### TASK TO CARRY OUT
Return the lines below that contain the word "Maintenance".

### SOURCE DATA
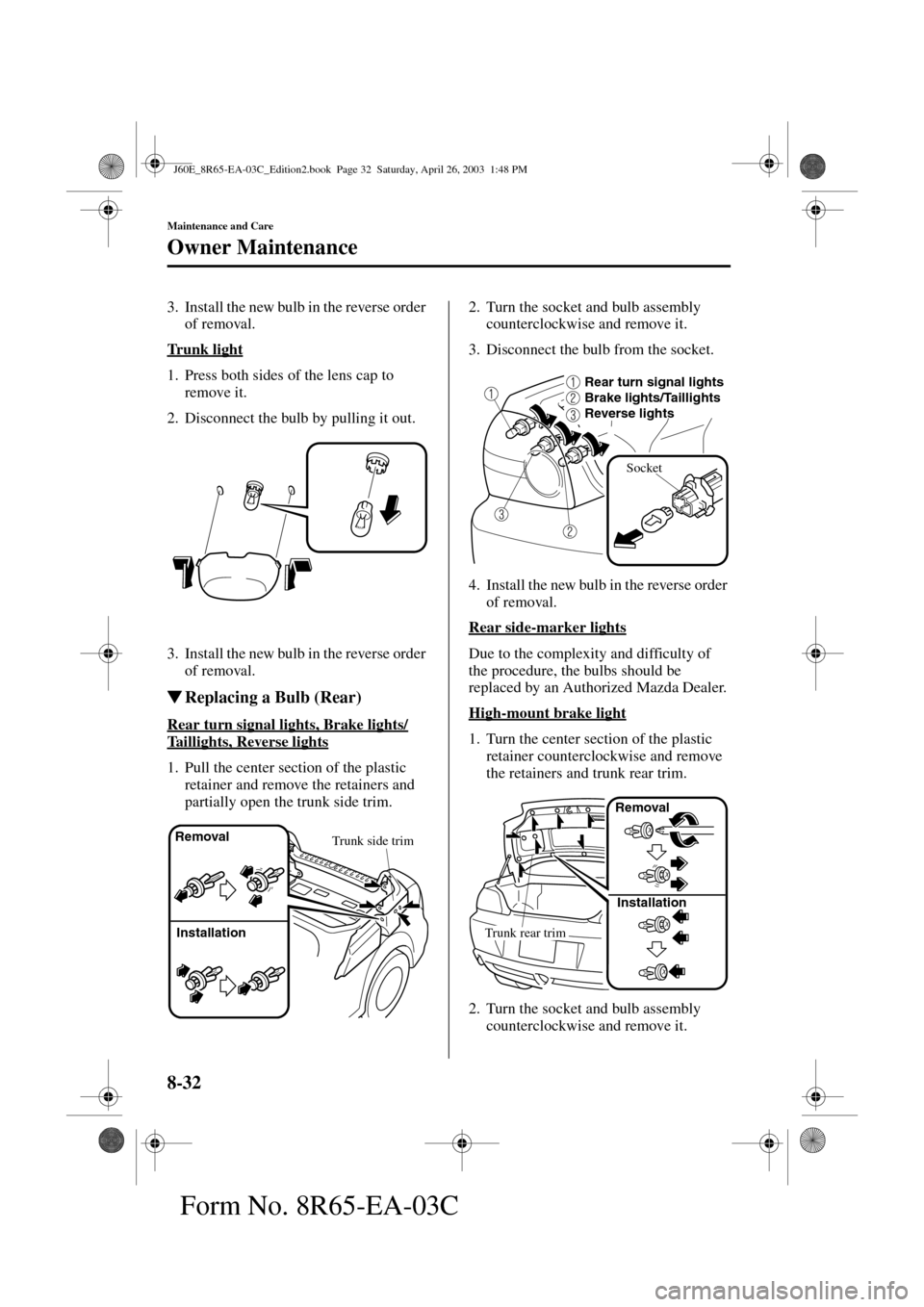 MAZDA MODEL RX 8 2004  Owners Manual (in English) 8-32
Maintenance and Care
Owner Maintenance
Form No. 8R65-EA-03C
3. Install the new bulb in the reverse order 
of removal.
Trunk light
1. Press both sides of the lens cap to 
remove it.
2. Disconnect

### EXERCISE OUTPUT
Maintenance and Care
Owner Maintenance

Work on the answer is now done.